José Carlos Sobrino tiene un nuevo reto por delante. Y no va a cesar en su empeño hasta que no lo consiga. Padre de dos hijos y deportista de afición, por ese orden, está a menos de dos meses de protagonizar una hazaña solidaria que nunca antes se ha hecho: nadar 10 kilómetros en una piscina, pedalear 420 kilómetros sobre una bicicleta estática y correr 84 kilómetros en una cinta, alcanzando así el total de 24 horas a favor de la Fundación Síndrome de Dravet.

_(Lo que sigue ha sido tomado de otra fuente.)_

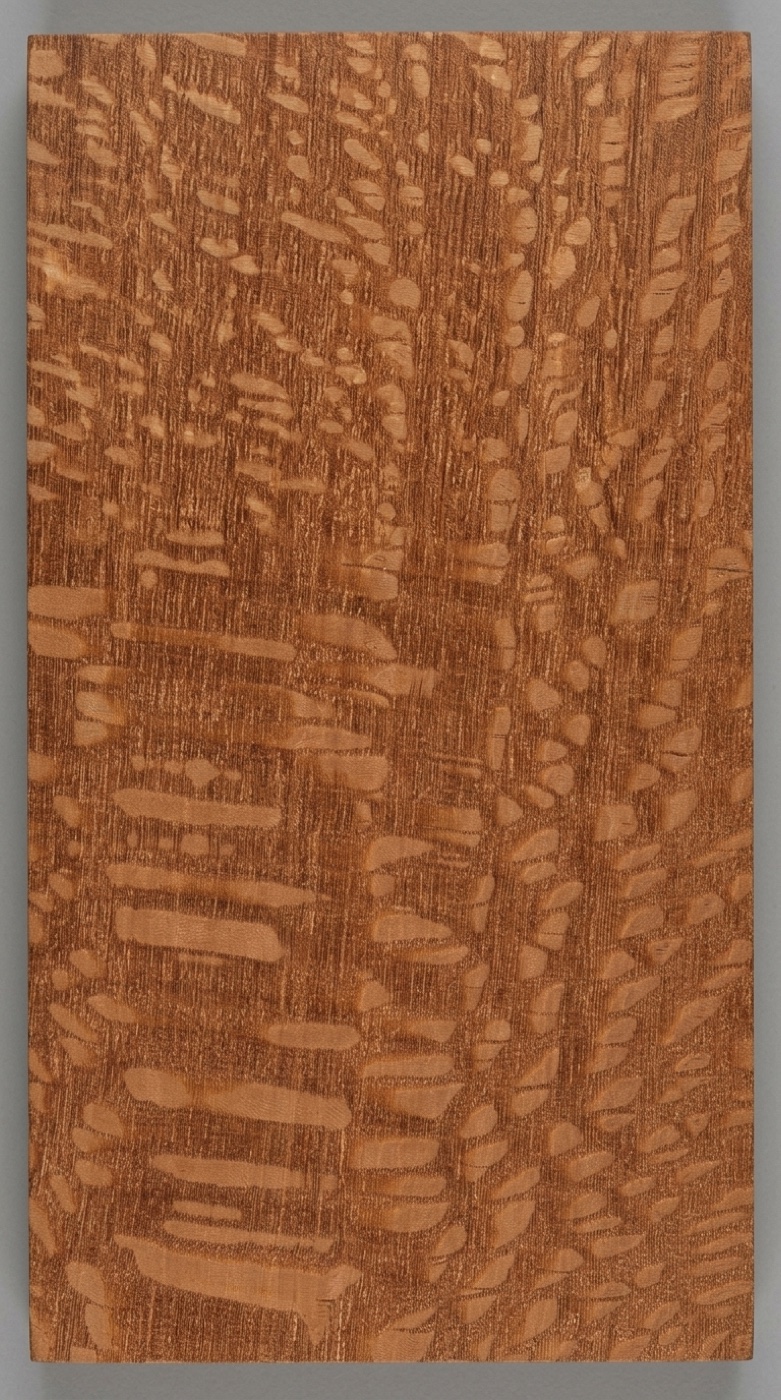 A quartersawn board of leopardwood -- the dense field of ray flecks that exists only on this cut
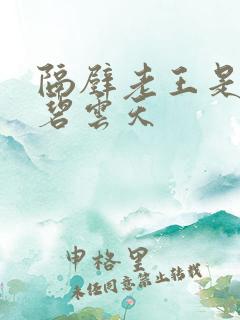 隔壁老王是皇帝碧云天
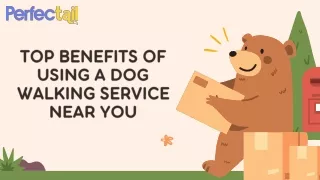 Top Benefits of Using a Dog Walking Service Near You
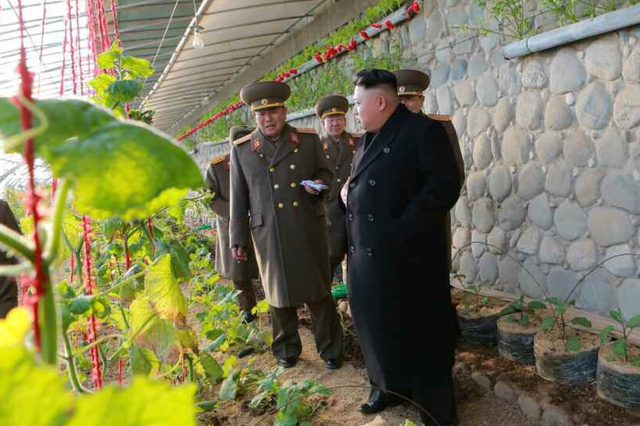 金正恩视察蔬菜大棚 称赞立体种菜高水平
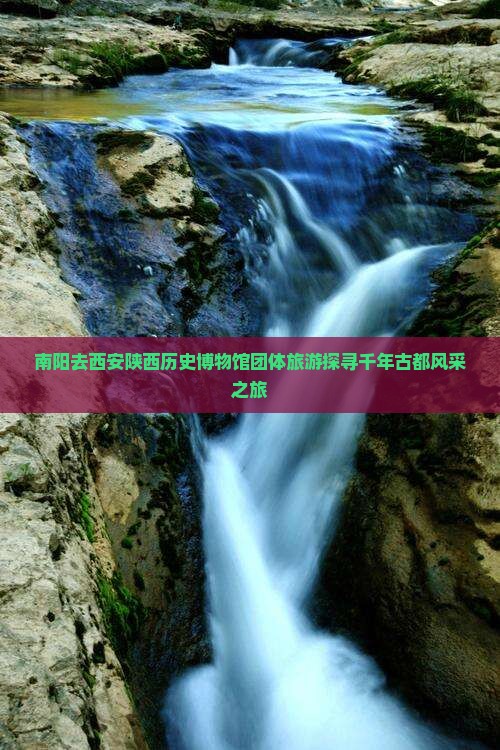 南阳去西安陕西历史博物馆团体旅游
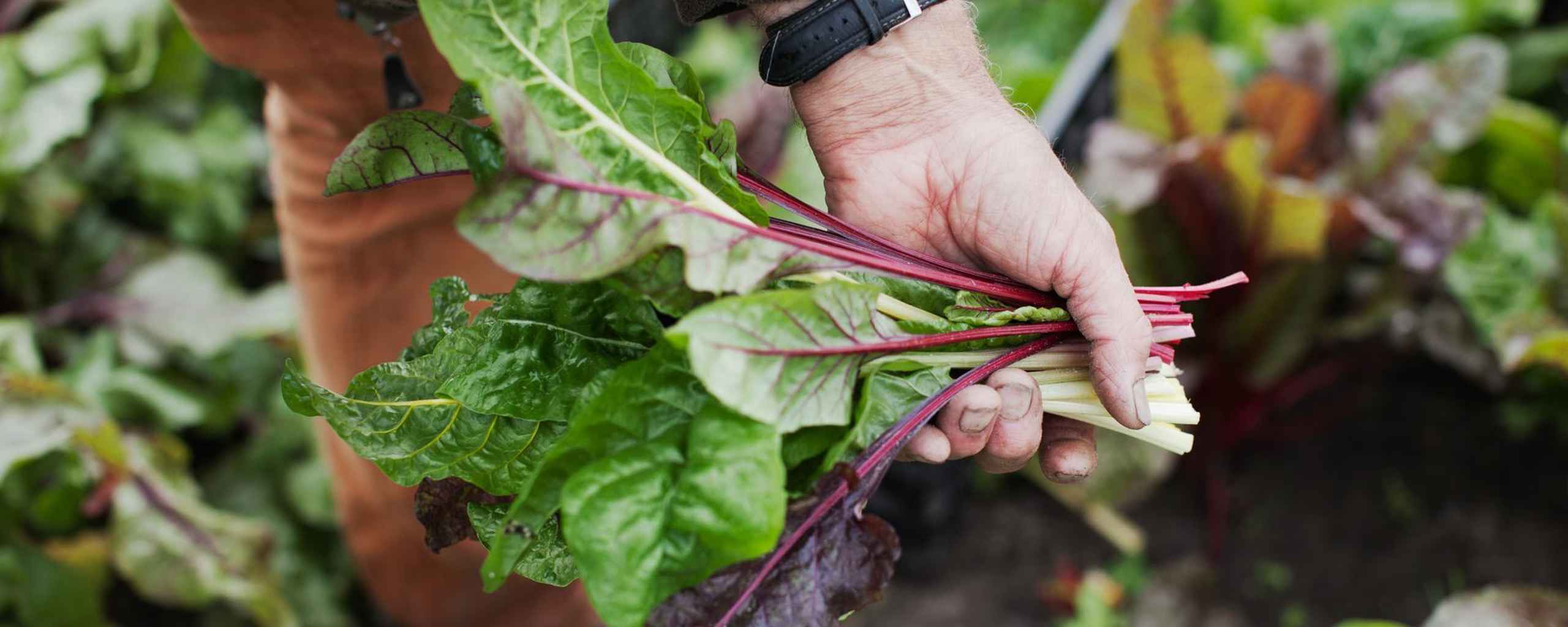 Een hand houdt een bos verse bladeren vast die net uit de moestuin zijn gehaald.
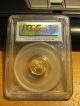 2009 $5 American Eagle Gold Coin 1/10th Oz,  Pcgs Ms - 70,  First Strike. Gold photo 3
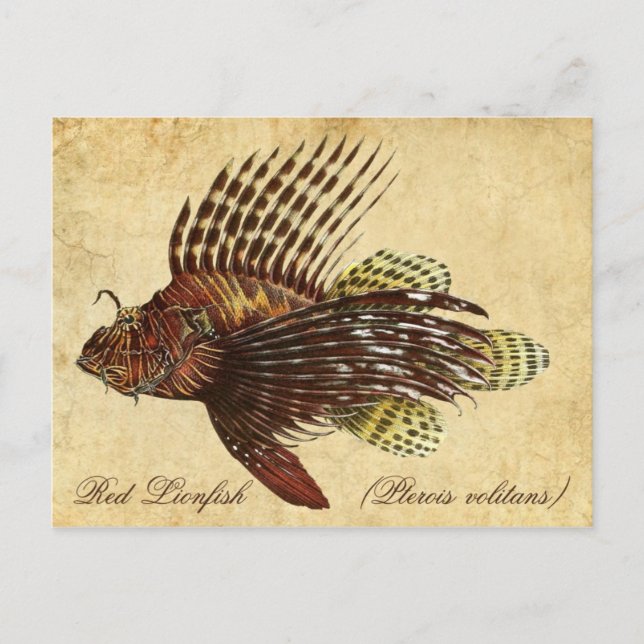 Red Lionfish Postcard (Front)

El objetivo, que está fechado para el sábado 13 y domingo 14 de abril, supondrá el tercero que complete el triatleta amateur de 42 años después de haber realizado dos retos personales en apenas quince meses a favor de las asociaciones españolas Fundela (Fundación para el Fomento de la Investigación de la Esclerosis Lateral Amiotrófica), Pato Amarillo (ayuda a personas y familias en riesgo de exclusión) y Mensajeros de la Paz (ampara a mujeres víctimas de la violencia doméstica).

Por los más necesitados

Para ello, recorrió miles de kilómetros entre las piscinas, las bicicletas estáticas y la cinta de correr, recaudando en 2017 más de tres mil euros a favor de la investigación de la ELA y repartiendo una gran cantidad de juguetes entre los niños más necesitados en las últimas navidades. “Me encanta el deporte. Busco la mínima excusa para llevar a cabo un reto y así ayudar a las personas. De hecho, nunca olvidaré la cara de los niños cuando llegamos cargados con las pelotas y muñecas”, recuerda Sobrino.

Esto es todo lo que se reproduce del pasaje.